WORK INSTRUCTION: Write out the data below exactly, beginning with the first line and ending once the line that has "Фото Satisfyer, Германия" is written.

STUDY MATERIAL:
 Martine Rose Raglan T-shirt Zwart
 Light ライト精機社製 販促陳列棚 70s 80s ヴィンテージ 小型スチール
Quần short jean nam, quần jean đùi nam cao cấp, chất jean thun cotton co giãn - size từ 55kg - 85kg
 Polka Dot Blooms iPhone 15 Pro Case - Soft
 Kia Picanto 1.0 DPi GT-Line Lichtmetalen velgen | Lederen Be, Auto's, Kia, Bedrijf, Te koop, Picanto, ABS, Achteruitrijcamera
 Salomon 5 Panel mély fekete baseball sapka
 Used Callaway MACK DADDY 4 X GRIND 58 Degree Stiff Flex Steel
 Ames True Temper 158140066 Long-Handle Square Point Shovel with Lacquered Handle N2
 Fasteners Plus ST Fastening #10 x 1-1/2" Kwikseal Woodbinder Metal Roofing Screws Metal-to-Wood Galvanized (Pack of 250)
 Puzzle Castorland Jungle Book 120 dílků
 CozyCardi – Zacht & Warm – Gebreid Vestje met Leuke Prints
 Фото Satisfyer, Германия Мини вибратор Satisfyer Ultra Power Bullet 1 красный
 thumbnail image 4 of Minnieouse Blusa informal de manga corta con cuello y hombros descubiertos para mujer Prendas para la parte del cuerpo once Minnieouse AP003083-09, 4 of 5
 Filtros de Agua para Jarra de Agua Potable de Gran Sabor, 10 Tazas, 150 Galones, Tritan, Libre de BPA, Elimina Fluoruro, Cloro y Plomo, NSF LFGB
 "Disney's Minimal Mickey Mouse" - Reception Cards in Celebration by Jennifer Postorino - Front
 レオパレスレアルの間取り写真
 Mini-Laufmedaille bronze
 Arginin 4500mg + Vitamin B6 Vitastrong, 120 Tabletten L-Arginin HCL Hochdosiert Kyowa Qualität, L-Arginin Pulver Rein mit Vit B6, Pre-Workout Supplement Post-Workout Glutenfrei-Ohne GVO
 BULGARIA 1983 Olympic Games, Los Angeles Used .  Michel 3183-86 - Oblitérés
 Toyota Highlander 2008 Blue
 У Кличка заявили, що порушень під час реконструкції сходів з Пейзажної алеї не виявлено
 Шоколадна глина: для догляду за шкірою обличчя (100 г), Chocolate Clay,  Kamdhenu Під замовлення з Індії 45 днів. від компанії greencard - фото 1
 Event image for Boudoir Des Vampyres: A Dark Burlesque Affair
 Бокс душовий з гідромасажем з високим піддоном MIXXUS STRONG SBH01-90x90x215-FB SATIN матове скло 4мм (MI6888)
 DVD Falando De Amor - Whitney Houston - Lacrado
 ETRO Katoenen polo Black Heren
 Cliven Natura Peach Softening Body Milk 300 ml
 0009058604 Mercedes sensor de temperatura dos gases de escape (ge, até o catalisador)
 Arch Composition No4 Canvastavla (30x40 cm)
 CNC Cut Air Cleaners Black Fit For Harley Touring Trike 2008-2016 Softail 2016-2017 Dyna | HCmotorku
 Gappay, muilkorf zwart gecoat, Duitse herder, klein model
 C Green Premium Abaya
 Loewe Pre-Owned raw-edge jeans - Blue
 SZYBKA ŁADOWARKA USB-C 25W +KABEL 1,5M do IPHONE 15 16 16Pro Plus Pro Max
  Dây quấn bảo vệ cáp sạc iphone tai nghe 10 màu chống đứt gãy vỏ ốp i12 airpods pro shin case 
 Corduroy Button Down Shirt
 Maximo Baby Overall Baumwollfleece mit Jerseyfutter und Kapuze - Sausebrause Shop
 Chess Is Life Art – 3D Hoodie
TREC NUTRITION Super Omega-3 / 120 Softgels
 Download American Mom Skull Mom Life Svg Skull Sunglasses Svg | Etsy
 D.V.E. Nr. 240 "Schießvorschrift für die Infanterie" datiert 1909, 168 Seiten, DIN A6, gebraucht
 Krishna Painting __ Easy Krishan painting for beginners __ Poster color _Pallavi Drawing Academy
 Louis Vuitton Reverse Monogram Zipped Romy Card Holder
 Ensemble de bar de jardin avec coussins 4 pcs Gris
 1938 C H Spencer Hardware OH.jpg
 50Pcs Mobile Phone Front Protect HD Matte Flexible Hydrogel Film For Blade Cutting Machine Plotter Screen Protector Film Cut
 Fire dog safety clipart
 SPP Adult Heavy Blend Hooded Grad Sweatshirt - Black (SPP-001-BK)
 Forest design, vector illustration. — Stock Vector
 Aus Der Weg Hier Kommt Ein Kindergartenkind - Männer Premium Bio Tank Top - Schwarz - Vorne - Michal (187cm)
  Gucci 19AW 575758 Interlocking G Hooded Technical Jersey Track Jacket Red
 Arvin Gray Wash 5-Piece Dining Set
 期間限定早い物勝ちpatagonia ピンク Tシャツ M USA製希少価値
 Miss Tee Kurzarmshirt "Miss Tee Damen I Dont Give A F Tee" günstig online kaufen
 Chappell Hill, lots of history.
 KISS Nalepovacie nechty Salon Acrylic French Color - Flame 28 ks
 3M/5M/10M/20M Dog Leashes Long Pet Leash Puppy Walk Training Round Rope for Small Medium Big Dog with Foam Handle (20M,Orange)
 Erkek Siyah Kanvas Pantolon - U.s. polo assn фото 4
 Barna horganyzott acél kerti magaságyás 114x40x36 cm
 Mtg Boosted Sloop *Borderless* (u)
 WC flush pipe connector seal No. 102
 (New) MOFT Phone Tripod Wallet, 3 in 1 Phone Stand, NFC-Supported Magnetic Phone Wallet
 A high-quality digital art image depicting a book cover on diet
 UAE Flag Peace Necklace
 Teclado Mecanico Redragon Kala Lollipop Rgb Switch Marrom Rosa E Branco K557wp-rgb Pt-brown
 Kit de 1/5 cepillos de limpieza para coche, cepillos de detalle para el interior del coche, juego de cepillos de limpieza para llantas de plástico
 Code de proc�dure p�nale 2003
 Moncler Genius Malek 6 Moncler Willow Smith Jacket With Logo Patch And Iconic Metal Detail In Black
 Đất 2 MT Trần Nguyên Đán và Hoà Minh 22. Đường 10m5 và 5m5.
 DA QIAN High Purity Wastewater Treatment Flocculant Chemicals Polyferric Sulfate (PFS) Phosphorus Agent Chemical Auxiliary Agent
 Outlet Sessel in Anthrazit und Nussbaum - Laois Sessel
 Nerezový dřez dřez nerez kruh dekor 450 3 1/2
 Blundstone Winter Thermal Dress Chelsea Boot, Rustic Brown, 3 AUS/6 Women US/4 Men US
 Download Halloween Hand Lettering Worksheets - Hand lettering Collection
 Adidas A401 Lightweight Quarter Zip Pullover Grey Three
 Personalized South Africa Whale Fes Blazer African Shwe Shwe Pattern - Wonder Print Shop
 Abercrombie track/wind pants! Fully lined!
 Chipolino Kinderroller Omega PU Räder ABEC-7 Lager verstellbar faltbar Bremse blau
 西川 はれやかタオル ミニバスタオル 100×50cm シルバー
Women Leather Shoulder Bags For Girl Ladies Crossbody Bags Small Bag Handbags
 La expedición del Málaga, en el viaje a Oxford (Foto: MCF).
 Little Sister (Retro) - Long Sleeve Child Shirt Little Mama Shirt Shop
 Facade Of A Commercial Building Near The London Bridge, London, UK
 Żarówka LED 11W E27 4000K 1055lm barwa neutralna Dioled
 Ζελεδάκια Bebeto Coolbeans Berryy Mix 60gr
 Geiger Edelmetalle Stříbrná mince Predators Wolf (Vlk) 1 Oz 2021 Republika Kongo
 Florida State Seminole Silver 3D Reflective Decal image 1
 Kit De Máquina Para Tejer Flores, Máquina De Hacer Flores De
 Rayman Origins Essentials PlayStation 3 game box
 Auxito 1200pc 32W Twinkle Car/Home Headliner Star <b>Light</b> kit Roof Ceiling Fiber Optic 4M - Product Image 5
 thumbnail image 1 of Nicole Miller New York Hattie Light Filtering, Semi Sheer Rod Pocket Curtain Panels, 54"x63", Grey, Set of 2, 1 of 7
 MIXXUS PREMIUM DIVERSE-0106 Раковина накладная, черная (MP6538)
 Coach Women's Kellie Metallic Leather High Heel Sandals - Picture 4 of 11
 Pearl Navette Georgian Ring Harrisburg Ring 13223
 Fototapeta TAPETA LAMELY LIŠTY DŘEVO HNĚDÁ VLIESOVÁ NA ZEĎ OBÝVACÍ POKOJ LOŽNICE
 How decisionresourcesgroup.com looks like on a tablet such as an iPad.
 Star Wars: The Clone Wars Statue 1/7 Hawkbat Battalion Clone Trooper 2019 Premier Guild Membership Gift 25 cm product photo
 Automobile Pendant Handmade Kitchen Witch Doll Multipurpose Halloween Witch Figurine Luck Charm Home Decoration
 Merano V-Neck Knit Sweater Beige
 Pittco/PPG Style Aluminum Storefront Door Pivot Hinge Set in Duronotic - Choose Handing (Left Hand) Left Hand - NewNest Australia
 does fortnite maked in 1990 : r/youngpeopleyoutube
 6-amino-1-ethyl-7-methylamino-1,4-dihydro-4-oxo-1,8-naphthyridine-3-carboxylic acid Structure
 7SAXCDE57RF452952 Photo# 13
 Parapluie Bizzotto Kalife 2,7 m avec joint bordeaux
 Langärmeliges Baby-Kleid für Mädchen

EXERCISE ANSWER:
 Martine Rose Raglan T-shirt Zwart
 Light ライト精機社製 販促陳列棚 70s 80s ヴィンテージ 小型スチール
Quần short jean nam, quần jean đùi nam cao cấp, chất jean thun cotton co giãn - size từ 55kg - 85kg
 Polka Dot Blooms iPhone 15 Pro Case - Soft
 Kia Picanto 1.0 DPi GT-Line Lichtmetalen velgen | Lederen Be, Auto's, Kia, Bedrijf, Te koop, Picanto, ABS, Achteruitrijcamera
 Salomon 5 Panel mély fekete baseball sapka
 Used Callaway MACK DADDY 4 X GRIND 58 Degree Stiff Flex Steel
 Ames True Temper 158140066 Long-Handle Square Point Shovel with Lacquered Handle N2
 Fasteners Plus ST Fastening #10 x 1-1/2" Kwikseal Woodbinder Metal Roofing Screws Metal-to-Wood Galvanized (Pack of 250)
 Puzzle Castorland Jungle Book 120 dílků
 CozyCardi – Zacht & Warm – Gebreid Vestje met Leuke Prints
 Фото Satisfyer, Германия Мини вибратор Satisfyer Ultra Power Bullet 1 красный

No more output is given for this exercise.